Dataset records –
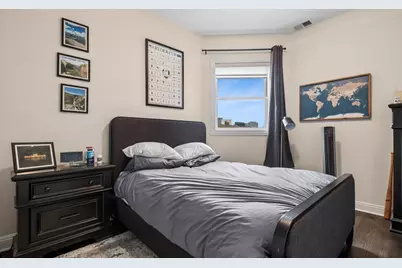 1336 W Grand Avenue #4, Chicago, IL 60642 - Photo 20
---
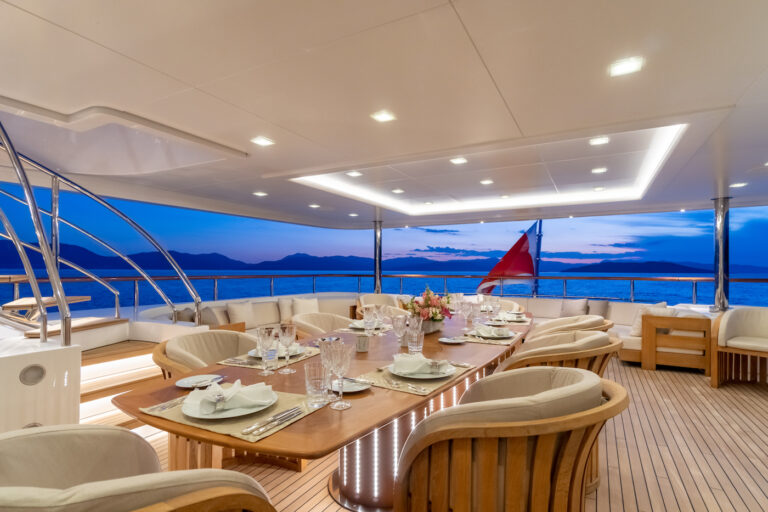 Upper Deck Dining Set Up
==
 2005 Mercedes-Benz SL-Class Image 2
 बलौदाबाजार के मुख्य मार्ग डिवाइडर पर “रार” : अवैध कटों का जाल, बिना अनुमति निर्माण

Brief – Would you copy, unchanged, the stretch of the records above that begins at the line containing "2005 Mercedes-Benz SL-Class Image 2" and ends at the line containing "बलौदाबाजार के मुख्य", and only that?

Exercise solution –
 2005 Mercedes-Benz SL-Class Image 2
 बलौदाबाजार के मुख्य मार्ग डिवाइडर पर “रार” : अवैध कटों का जाल, बिना अनुमति निर्माण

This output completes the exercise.